- Supplied data
====

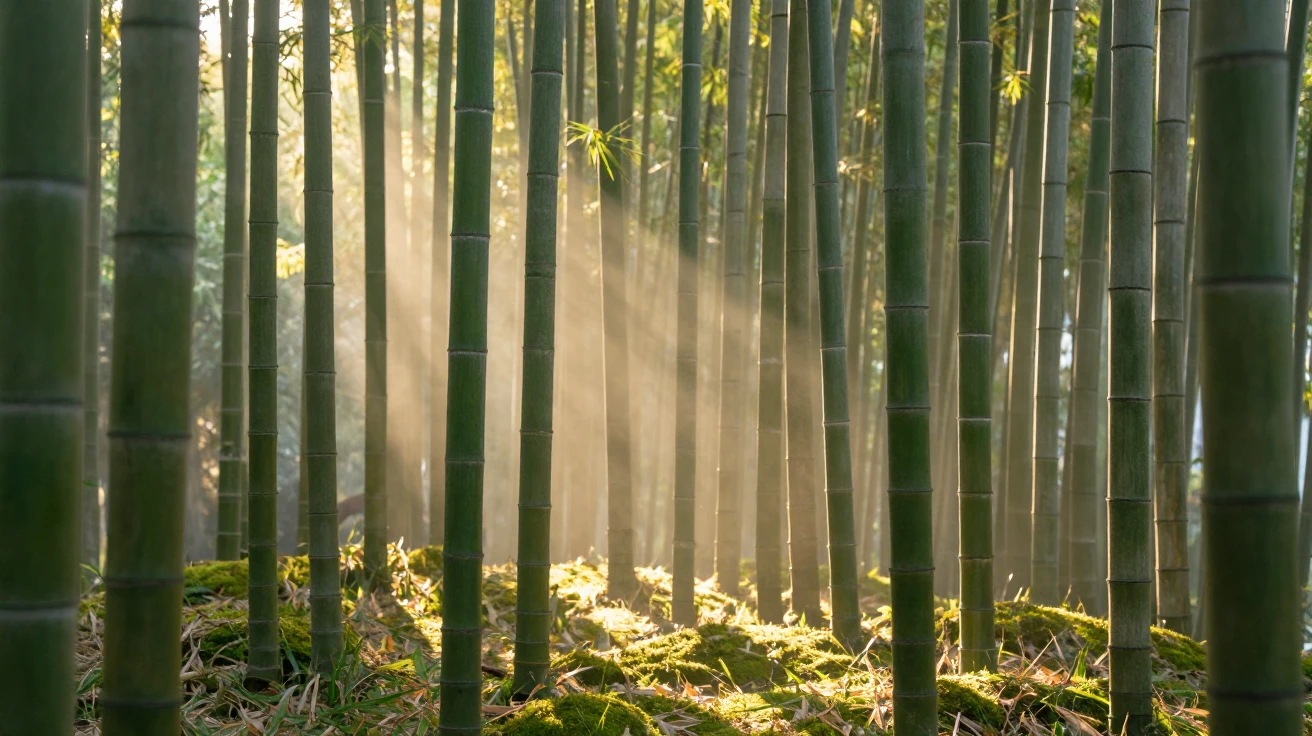 A tranquil bamboo grove with light filtering through tall stalks.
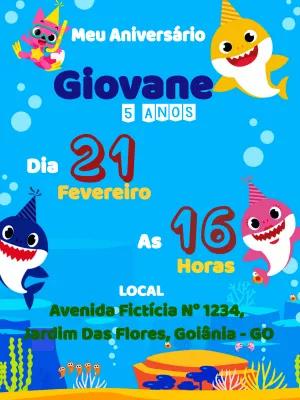 Convite de Aniversário Baby Shark para Editar Online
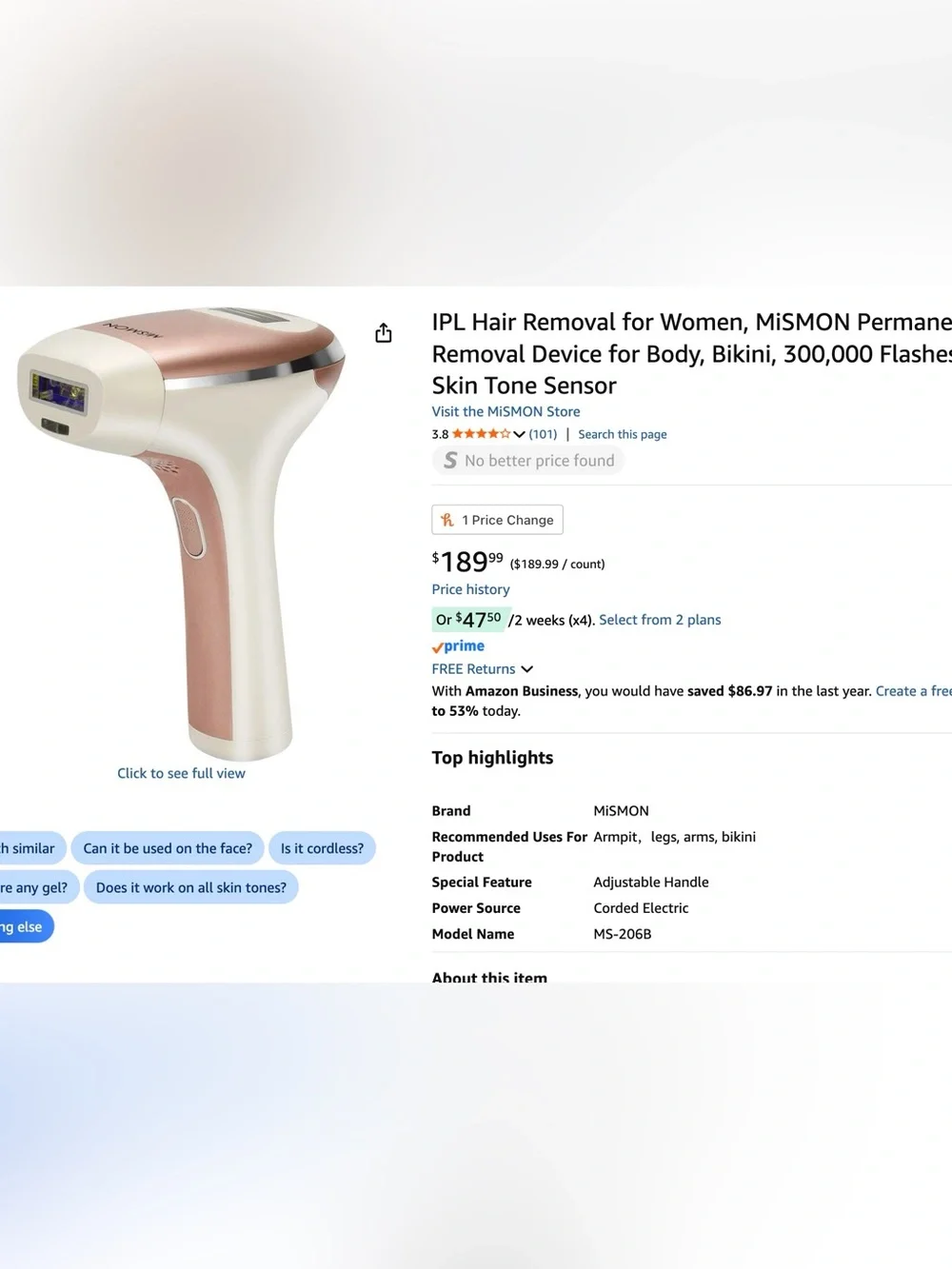 IPL Hair Removal Device MiSMON for Women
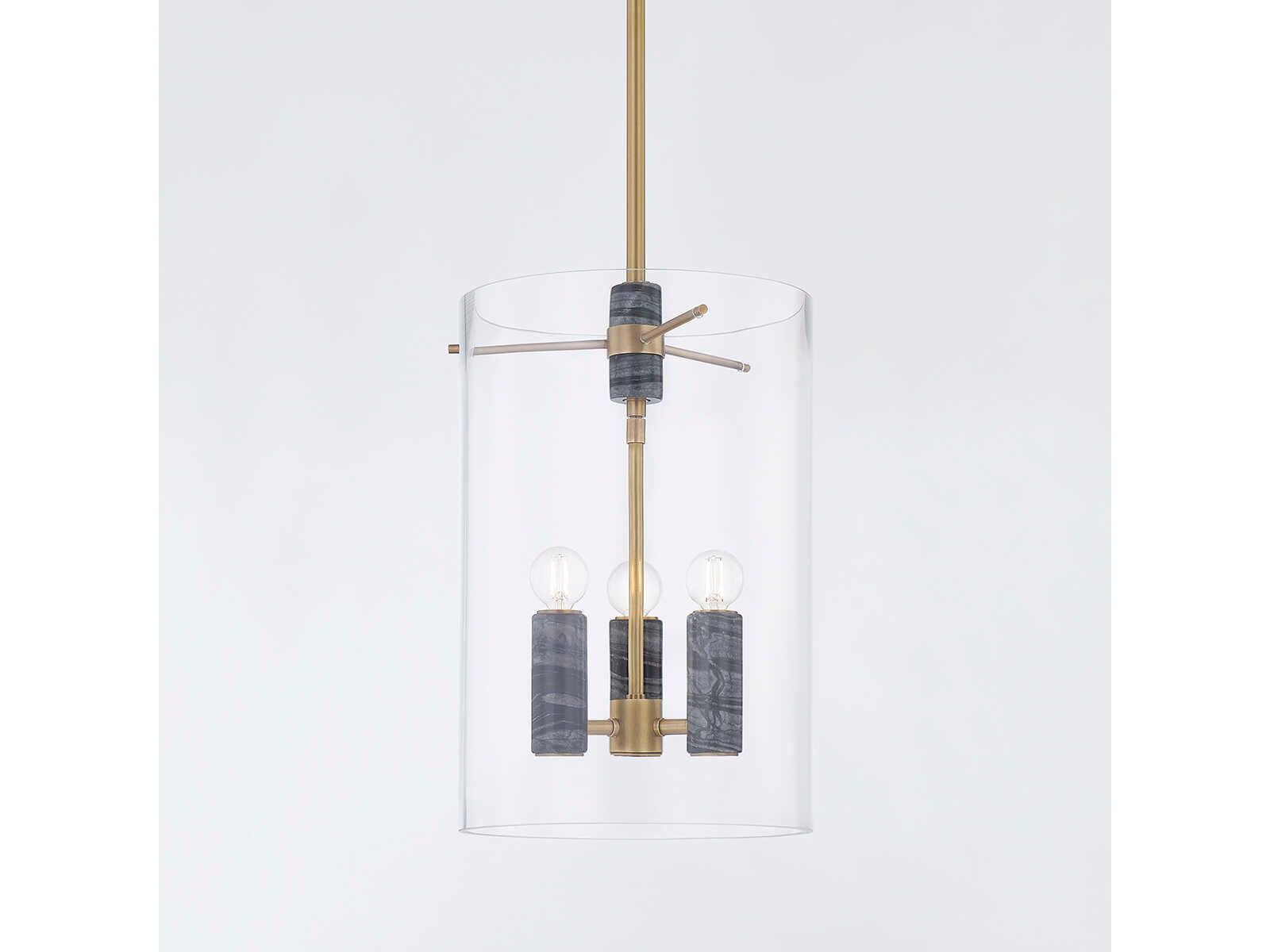 Corbett Lighting Adonis 3-Light Vintage Brass Glass Cylinder Mini Pendant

====

- What is required
Would you reproduce the lines from the one with "Convite de Aniversário" through the final line of the data above, exactly and only those, without any pictures?

- Written solution
 Convite de Aniversário Baby Shark para Editar Online
 IPL Hair Removal Device MiSMON for Women
 Corbett Lighting Adonis 3-Light Vintage Brass Glass Cylinder Mini Pendant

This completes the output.